== EXERCISE AIM ==
Please reproduce the entries that follow, keeping each word intact.

== RECORD EXTRACTS ==
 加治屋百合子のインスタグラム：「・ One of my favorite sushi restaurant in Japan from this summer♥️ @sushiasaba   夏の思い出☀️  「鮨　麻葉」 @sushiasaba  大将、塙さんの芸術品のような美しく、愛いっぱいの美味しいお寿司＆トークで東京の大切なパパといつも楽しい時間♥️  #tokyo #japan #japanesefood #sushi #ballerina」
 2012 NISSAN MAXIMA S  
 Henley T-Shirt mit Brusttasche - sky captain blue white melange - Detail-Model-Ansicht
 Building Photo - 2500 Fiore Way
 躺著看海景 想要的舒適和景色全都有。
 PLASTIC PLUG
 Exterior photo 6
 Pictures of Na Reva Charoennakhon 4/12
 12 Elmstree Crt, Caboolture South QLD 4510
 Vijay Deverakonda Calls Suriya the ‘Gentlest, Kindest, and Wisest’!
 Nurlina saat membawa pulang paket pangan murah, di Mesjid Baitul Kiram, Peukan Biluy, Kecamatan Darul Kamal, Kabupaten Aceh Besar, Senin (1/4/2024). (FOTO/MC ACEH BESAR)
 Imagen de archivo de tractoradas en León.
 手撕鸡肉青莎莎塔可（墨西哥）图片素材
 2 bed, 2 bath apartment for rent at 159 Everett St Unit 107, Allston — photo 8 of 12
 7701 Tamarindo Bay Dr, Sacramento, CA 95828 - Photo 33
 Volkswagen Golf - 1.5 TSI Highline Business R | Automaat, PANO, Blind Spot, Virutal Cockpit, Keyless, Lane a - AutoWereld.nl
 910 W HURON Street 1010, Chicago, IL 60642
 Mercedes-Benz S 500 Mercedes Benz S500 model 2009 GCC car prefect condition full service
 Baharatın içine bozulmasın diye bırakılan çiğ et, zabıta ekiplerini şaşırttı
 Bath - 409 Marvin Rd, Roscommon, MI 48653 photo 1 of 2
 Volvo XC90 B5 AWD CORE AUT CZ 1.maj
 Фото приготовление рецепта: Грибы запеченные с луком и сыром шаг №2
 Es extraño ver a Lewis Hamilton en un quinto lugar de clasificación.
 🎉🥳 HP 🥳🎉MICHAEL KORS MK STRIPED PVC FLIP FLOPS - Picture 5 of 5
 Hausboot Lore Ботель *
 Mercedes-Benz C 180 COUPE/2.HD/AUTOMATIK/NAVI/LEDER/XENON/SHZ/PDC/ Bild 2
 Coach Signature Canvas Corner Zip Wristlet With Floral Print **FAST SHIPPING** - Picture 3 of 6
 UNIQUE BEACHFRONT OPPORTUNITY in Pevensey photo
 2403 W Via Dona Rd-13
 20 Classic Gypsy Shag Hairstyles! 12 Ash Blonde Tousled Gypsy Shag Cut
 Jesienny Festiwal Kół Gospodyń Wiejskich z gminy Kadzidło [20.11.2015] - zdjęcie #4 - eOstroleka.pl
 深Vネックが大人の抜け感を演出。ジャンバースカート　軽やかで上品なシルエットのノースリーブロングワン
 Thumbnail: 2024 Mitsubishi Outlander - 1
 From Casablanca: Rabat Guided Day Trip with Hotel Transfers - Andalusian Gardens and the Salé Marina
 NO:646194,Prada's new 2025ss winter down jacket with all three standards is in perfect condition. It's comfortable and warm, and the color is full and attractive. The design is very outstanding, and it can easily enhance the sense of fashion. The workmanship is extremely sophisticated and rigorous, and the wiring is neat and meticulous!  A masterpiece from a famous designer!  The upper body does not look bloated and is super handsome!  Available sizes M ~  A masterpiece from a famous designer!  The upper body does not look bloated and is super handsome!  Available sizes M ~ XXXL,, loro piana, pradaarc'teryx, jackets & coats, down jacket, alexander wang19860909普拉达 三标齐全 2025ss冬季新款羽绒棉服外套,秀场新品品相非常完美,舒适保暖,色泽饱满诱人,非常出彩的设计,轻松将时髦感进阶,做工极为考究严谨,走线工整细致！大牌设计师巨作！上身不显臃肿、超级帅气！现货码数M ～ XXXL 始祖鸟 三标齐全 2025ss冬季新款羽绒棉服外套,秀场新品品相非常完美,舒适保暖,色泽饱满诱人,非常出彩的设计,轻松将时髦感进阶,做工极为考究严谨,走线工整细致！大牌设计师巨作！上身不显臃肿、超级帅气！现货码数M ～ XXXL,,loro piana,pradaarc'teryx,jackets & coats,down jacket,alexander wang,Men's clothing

== SOLUTION FOR THIS PROBLEM ==
 加治屋百合子のインスタグラム：「・ One of my favorite sushi restaurant in Japan from this summer♥️ @sushiasaba   夏の思い出☀️  「鮨　麻葉」 @sushiasaba  大将、塙さんの芸術品のような美しく、愛いっぱいの美味しいお寿司＆トークで東京の大切なパパといつも楽しい時間♥️  #tokyo #japan #japanesefood #sushi #ballerina」
 2012 NISSAN MAXIMA S  
 Henley T-Shirt mit Brusttasche - sky captain blue white melange - Detail-Model-Ansicht
 Building Photo - 2500 Fiore Way
 躺著看海景 想要的舒適和景色全都有。
 PLASTIC PLUG
 Exterior photo 6
 Pictures of Na Reva Charoennakhon 4/12
 12 Elmstree Crt, Caboolture South QLD 4510
 Vijay Deverakonda Calls Suriya the ‘Gentlest, Kindest, and Wisest’!
 Nurlina saat membawa pulang paket pangan murah, di Mesjid Baitul Kiram, Peukan Biluy, Kecamatan Darul Kamal, Kabupaten Aceh Besar, Senin (1/4/2024). (FOTO/MC ACEH BESAR)
 Imagen de archivo de tractoradas en León.
 手撕鸡肉青莎莎塔可（墨西哥）图片素材
 2 bed, 2 bath apartment for rent at 159 Everett St Unit 107, Allston — photo 8 of 12
 7701 Tamarindo Bay Dr, Sacramento, CA 95828 - Photo 33
 Volkswagen Golf - 1.5 TSI Highline Business R | Automaat, PANO, Blind Spot, Virutal Cockpit, Keyless, Lane a - AutoWereld.nl
 910 W HURON Street 1010, Chicago, IL 60642
 Mercedes-Benz S 500 Mercedes Benz S500 model 2009 GCC car prefect condition full service
 Baharatın içine bozulmasın diye bırakılan çiğ et, zabıta ekiplerini şaşırttı
 Bath - 409 Marvin Rd, Roscommon, MI 48653 photo 1 of 2
 Volvo XC90 B5 AWD CORE AUT CZ 1.maj
 Фото приготовление рецепта: Грибы запеченные с луком и сыром шаг №2
 Es extraño ver a Lewis Hamilton en un quinto lugar de clasificación.
 🎉🥳 HP 🥳🎉MICHAEL KORS MK STRIPED PVC FLIP FLOPS - Picture 5 of 5
 Hausboot Lore Ботель *
 Mercedes-Benz C 180 COUPE/2.HD/AUTOMATIK/NAVI/LEDER/XENON/SHZ/PDC/ Bild 2
 Coach Signature Canvas Corner Zip Wristlet With Floral Print **FAST SHIPPING** - Picture 3 of 6
 UNIQUE BEACHFRONT OPPORTUNITY in Pevensey photo
 2403 W Via Dona Rd-13
 20 Classic Gypsy Shag Hairstyles! 12 Ash Blonde Tousled Gypsy Shag Cut
 Jesienny Festiwal Kół Gospodyń Wiejskich z gminy Kadzidło [20.11.2015] - zdjęcie #4 - eOstroleka.pl
 深Vネックが大人の抜け感を演出。ジャンバースカート　軽やかで上品なシルエットのノースリーブロングワン
 Thumbnail: 2024 Mitsubishi Outlander - 1
 From Casablanca: Rabat Guided Day Trip with Hotel Transfers - Andalusian Gardens and the Salé Marina
 NO:646194,Prada's new 2025ss winter down jacket with all three standards is in perfect condition. It's comfortable and warm, and the color is full and attractive. The design is very outstanding, and it can easily enhance the sense of fashion. The workmanship is extremely sophisticated and rigorous, and the wiring is neat and meticulous!  A masterpiece from a famous designer!  The upper body does not look bloated and is super handsome!  Available sizes M ~  A masterpiece from a famous designer!  The upper body does not look bloated and is super handsome!  Available sizes M ~ XXXL,, loro piana, pradaarc'teryx, jackets & coats, down jacket, alexander wang19860909普拉达 三标齐全 2025ss冬季新款羽绒棉服外套,秀场新品品相非常完美,舒适保暖,色泽饱满诱人,非常出彩的设计,轻松将时髦感进阶,做工极为考究严谨,走线工整细致！大牌设计师巨作！上身不显臃肿、超级帅气！现货码数M ～ XXXL 始祖鸟 三标齐全 2025ss冬季新款羽绒棉服外套,秀场新品品相非常完美,舒适保暖,色泽饱满诱人,非常出彩的设计,轻松将时髦感进阶,做工极为考究严谨,走线工整细致！大牌设计师巨作！上身不显臃肿、超级帅气！现货码数M ～ XXXL,,loro piana,pradaarc'teryx,jackets & coats,down jacket,alexander wang,Men's clothing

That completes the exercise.